Dois ou três anos depois veio a água – esgoto – asfalto – e todo o bem estar do progresso.
Nesse espaço de tempo, precisávamos trabalhar.
Tempos atrás eu concluíra um curso de “Corte Costura e Bordados”. Com alguma propaganda de boca em boca tornei-me conhecida no Bairro. Coloquei uma placa na frente da casa:
“Modista - Professora de Alta costura”.
Foi só o começo de uma fase, muitas alunas e muito trabalho.
Em seguida meu marido também arrumou emprego e os ânimos se aqueceram.
O tempo foi passando – a família aumentou – nasceu o segundo filho – depois de aproximadamente oito anos nasceu uma menina.
Tudo se completava, e a primavera parecia eterna.
Até que um dia meu marido partiu. Senti o chão fugir-me debaixo dos pés.
Vi os três filhos à minha frente e São Paulo de braços abertos me desafiando.
Readquiri minhas forças. Decidi também mudar de profissão. Como não havia escolas infantis no Bairro, pensei montar uma em minha casa.
Conversei com várias mães que tinham filhos em idade pré-escolar, e elas apoiaram a idéia.
Alfabetizei muitas crianças do Bairro, e acabei ministrando também aulas para preparar os alunos do quarto ano primário ao extinto exame de admissão ao antigo Ginásio.
Mais uma vez olhei esta cidade que não pode parar e notei que algumas escolas surgiam por perto, o progresso estava acelerado, não tendo, portanto como competir com essas escolas bem estruturadas, assim mais uma vez mudou o rumo de minha vida.
E, São Paulo me apontando as oportunidades.
Trabalhei por algum tempo no conhecido, mas também extinto “Círculo do Livro”. Caminhei muito pelas ruas do Brooklin - Vila Olímpia – Itaim; visitando os sócios e pegando o pedido de compra de livros expostos nas revistas mensais.
Havia algo de provinciano no ar, as pessoas eram afáveis e em cada rosto aflorava um sorriso.
Depois de algum tempo desliguei-me do “Círculo do Livro”, foi-me então apresentada a oportunidade de trabalhar em uma Escolinha onde exerci o cargo de Educadora Infantil.

Retornando:
Cruzando a minha rua, se espraiava preguiçosa e despretensiosa a Avenida Eng. Luís Carlos Berrini. Um córrego a separava do outro lado do Bairro havia umas pontes improvisadas e estreitas precisando duma certa habilidade e equilíbrio para atravessá-las.
Espalhavam-se ao redor algumas chácaras. O campo ao lado de minha casa era repleto de eucaliptos; no meu quintal, um caramanchão de madre-silva exalava um perfume que combinava com as noites de luar e com o céu estrelado.
Os vizinhos se reuniam após o jantar; enquanto isso, as crianças brincavam na rua. Existia um não sei quê de parentesco entre todos.
Lembro-me da inauguração da Praça Gentil Falcão, o helicóptero desceu com uma figura política, não sei se era Governador ou o Perfeito; a Banda tocava, e tudo era festa, a Avenida se banhava no córrego, parecia sorrir.
Na esquina da Praça havia um matadouro, onde se ouvia o cacarejar das galinhas e, se cumpria claro a “lei divina” da “cadeia alimentar”, as coitadas eram mortas na frente do freguês. Vendiam-se ovos também. Hoje lá é o Banco Safra.
Crianças aos domingos empinavam pipas e quantas eu fiz para meus filhos! Outras andavam de bicicleta, as menores adoravam jogar pedrinhas no córrego.
Fecho os olhos – refugiando-me nas boas lembranças – consigo até ver poesia ao recordar as folhas encarquilhadas que boiavam nas poças d`água no dia em que cheguei à cidade de S. Paulo.

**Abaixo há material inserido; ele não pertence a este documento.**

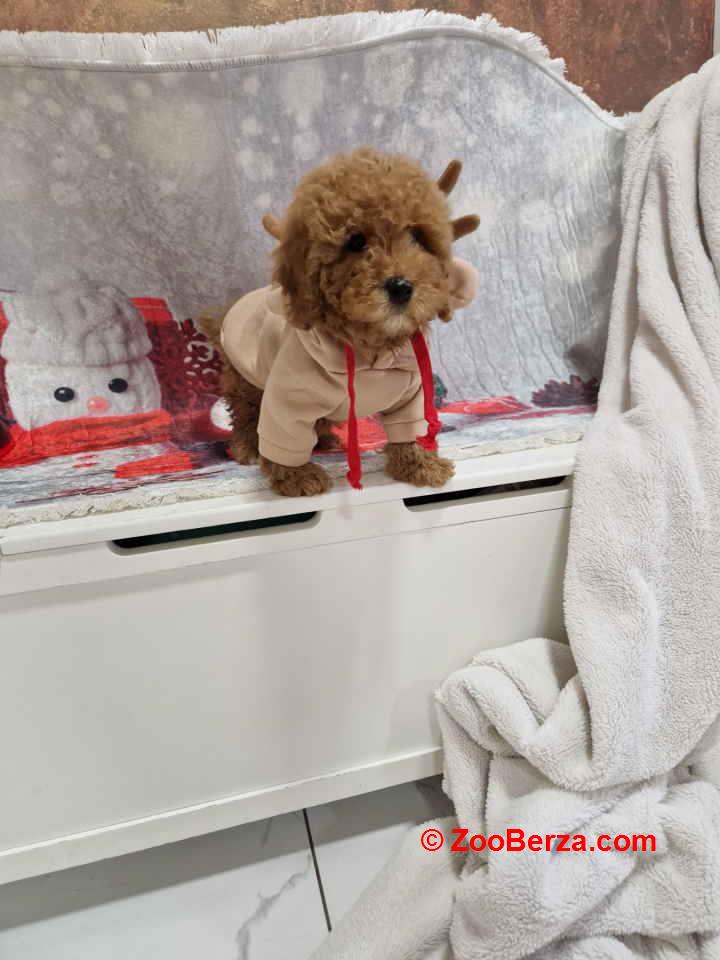 Crvene toy pudle spremne za preuzimanje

Eis aqui. Um pequeno retrato antigo de um cantinho desta cidade tão cheia de histórias, junto com ela alguns fragmentos da minha própria história.
Hoje a Avenida Eng. Luís Carlos Berrini não conserva nem uma sombra da simplicidade de outrora; quase imponente – Arquitetura moderna – Edifícios gigantes – Hotéis – movimento – É o progresso!

Um comentário:

Ana Coimbra disse...

Realmente o texto nos faz recordar com muitas saudades do Brooklin antigo.